> _WORK TO COMPLETE_
From the line containing "Symmetrical" through the last line below, copy every line exactly, leaving out the pictures.

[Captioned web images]

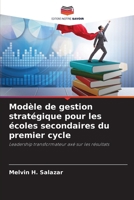 Modèle de gestion stratégique pour les écoles secondaires du premier cycle (French Edition) 6207203577 Book Cover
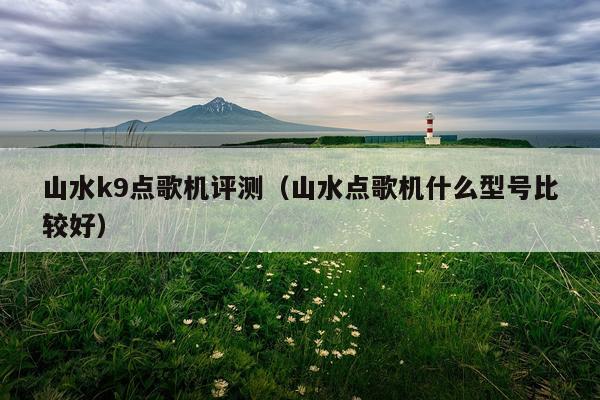 山水k9点歌机评测（山水点歌机什么型号比较好）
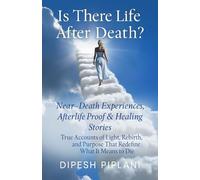 Is There Life After Death? Near-Death Experiences, Afterlife, Proof, Healing Stories: True Accounts of Light Rebirth and Purpose That Redefine What It Means to Die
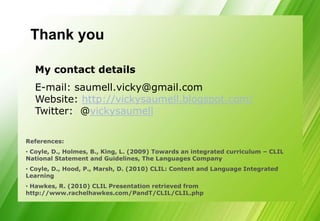 Thank you

  My contact details
  E-mail: saumell.vicky@gmail.com
  Website: http://vickysaumell.blogspot.com/
  Twitter: @vickysaumell

References:
• Coyle, D., Holmes, B., King, L. (2009) Towards an integrated curriculum – CLIL
National Statement and Guidelines, The Languages Company
• Coyle, D., Hood, P., Marsh, D. (2010) CLIL: Content and Language Integrated
Learning
• Hawkes, R. (2010) CLIL Presentation retrieved from
http://www.rachelhawkes.com/PandT/CLIL/CLIL.php
 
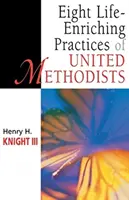 Az Egyesült Metodisták nyolc életgazdagító gyakorlata - Eight Life-Enriching Practices of United Methodists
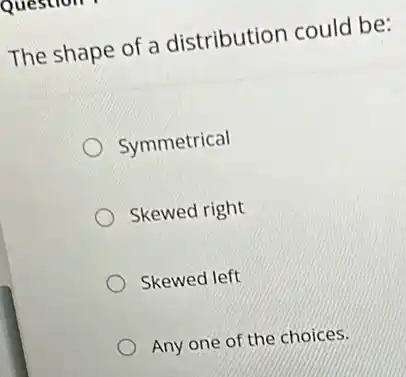 The shape of a distribution could be:
Symmetrical
Skewed right
Skewed left
Any one of the choices.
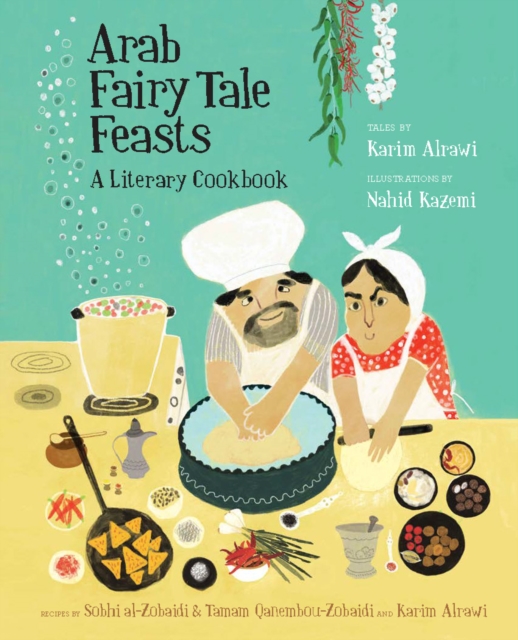 Arab Fairy Tale Feasts, Hardback Book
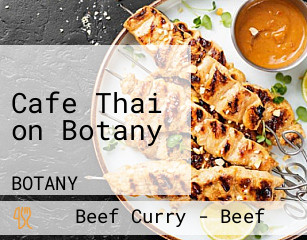 Cafe Thai on Botany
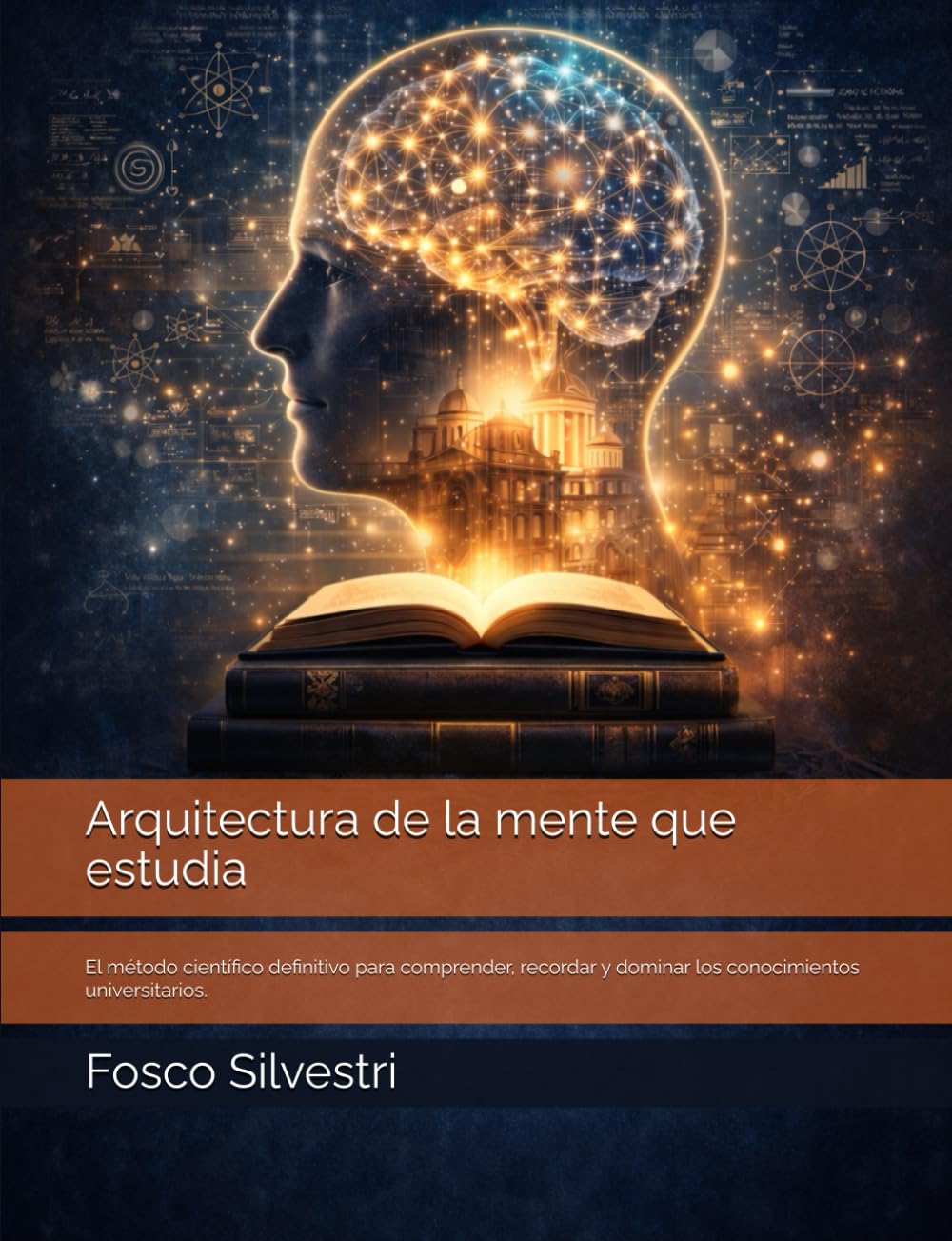 Arquitectura de la mente que estudia: El método científico definitivo para comprender, recordar y dominar los conocimientos universitarios.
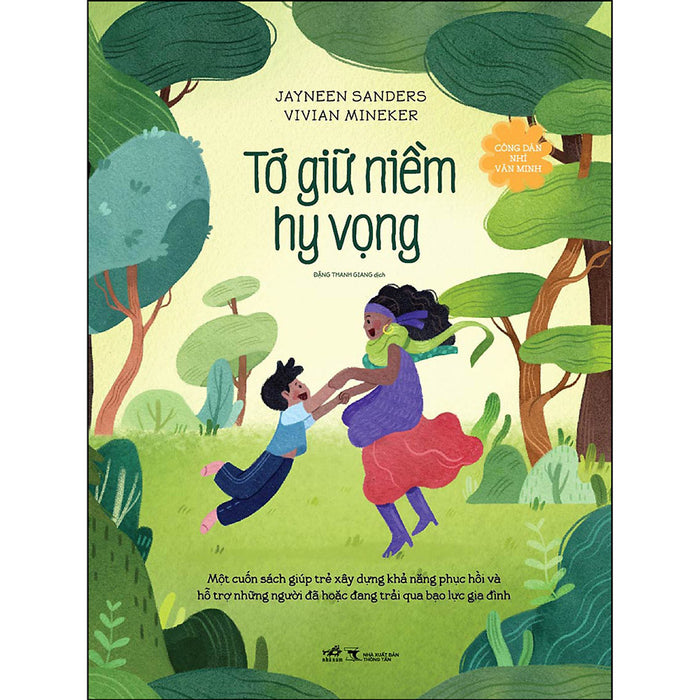Công Dân Nhí Văn Minh - Tớ Giữ Niềm Hy Vọng Công Dân Nhí Văn Minh - Tớ Giữ Niềm Hy Vọng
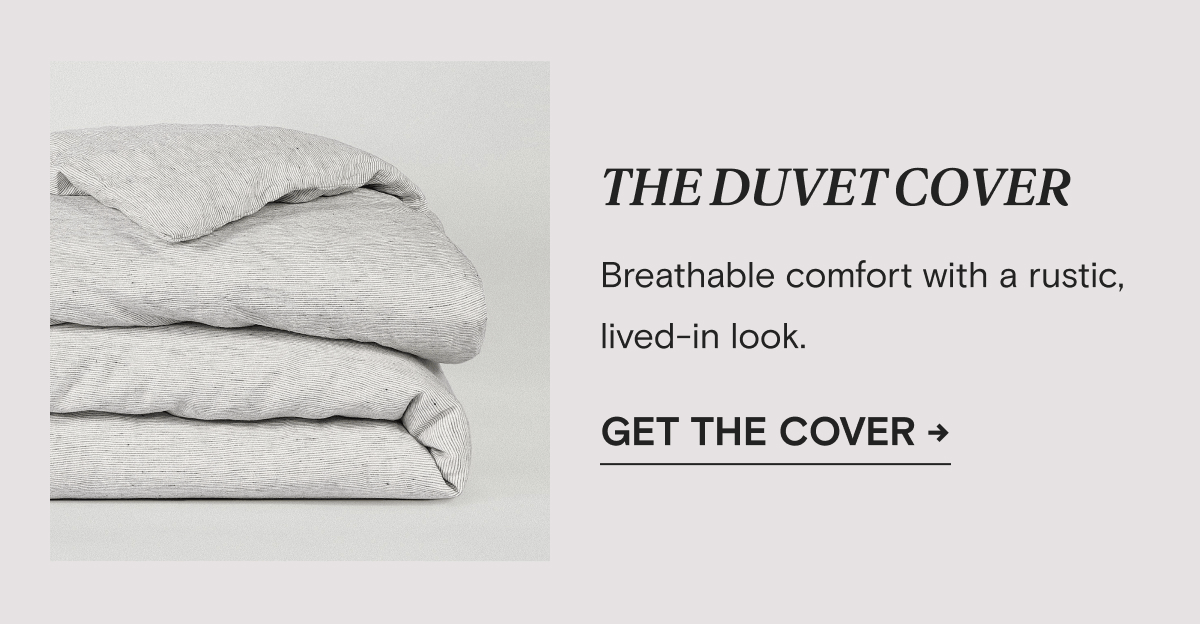 THE DUVET COVER - Breathable comfort with a rustic, lived-in look. | Get The Cover →
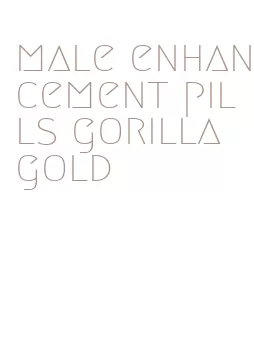 male enhancement pills gorilla gold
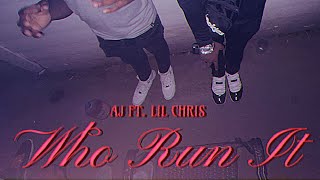 AJ Ft. Lil Chris - Who Run It (Remix) (Official Music Video)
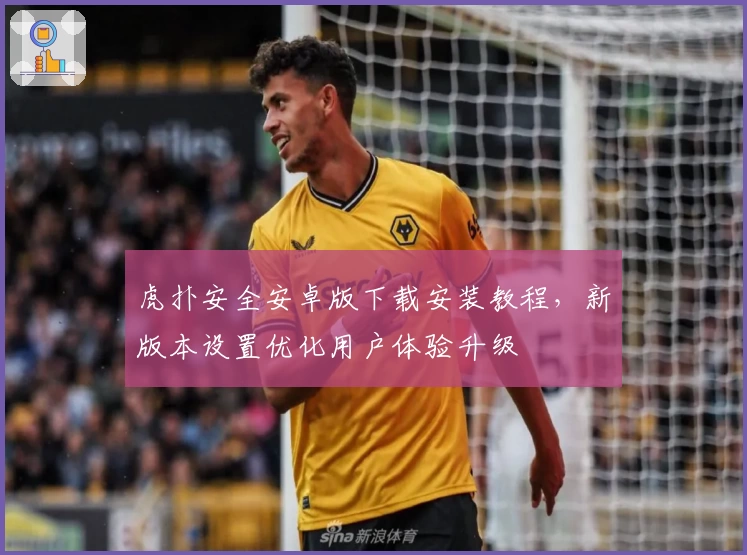 虎扑安全安卓版下载安装教程，新版本设置优化用户体验升级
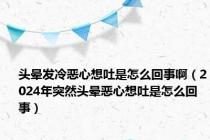 头晕发冷恶心想吐是怎么回事啊（2024年突然头晕恶心想吐是怎么回事）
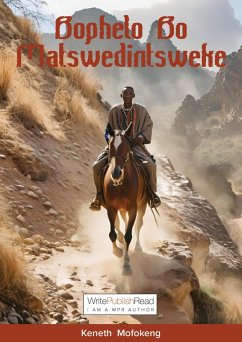 Bophelo Bo Matswedintsweke (eBook, ePUB) - Mofokeng, Keneth Mokete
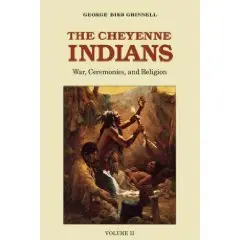 The Cheyenne Indians, Vol. 2: War, Ceremonies, and Religion  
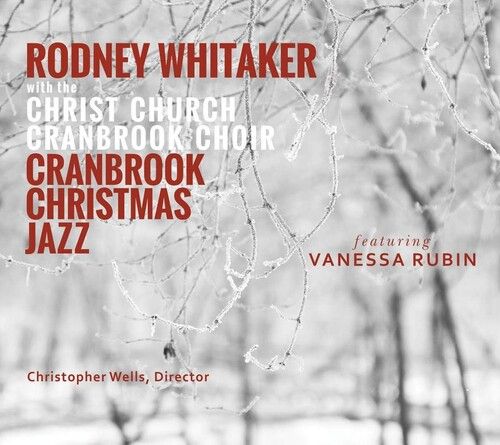Rodney Whitaker - Cranbrook Christmas Jazz [Compact Discs]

> _ANSWER TO THIS EXERCISE_
Symmetrical
Skewed right
Skewed left
Any one of the choices.
 Arab Fairy Tale Feasts, Hardback Book
 Cafe Thai on Botany
 Arquitectura de la mente que estudia: El método científico definitivo para comprender, recordar y dominar los conocimientos universitarios.
Công Dân Nhí Văn Minh - Tớ Giữ Niềm Hy Vọng Công Dân Nhí Văn Minh - Tớ Giữ Niềm Hy Vọng
 THE DUVET COVER - Breathable comfort with a rustic, lived-in look. | Get The Cover →
 male enhancement pills gorilla gold
 AJ Ft. Lil Chris - Who Run It (Remix) (Official Music Video)
 虎扑安全安卓版下载安装教程，新版本设置优化用户体验升级
 头晕发冷恶心想吐是怎么回事啊（2024年突然头晕恶心想吐是怎么回事）
 Bophelo Bo Matswedintsweke (eBook, ePUB) - Mofokeng, Keneth Mokete
 The Cheyenne Indians, Vol. 2: War, Ceremonies, and Religion  
Rodney Whitaker - Cranbrook Christmas Jazz [Compact Discs]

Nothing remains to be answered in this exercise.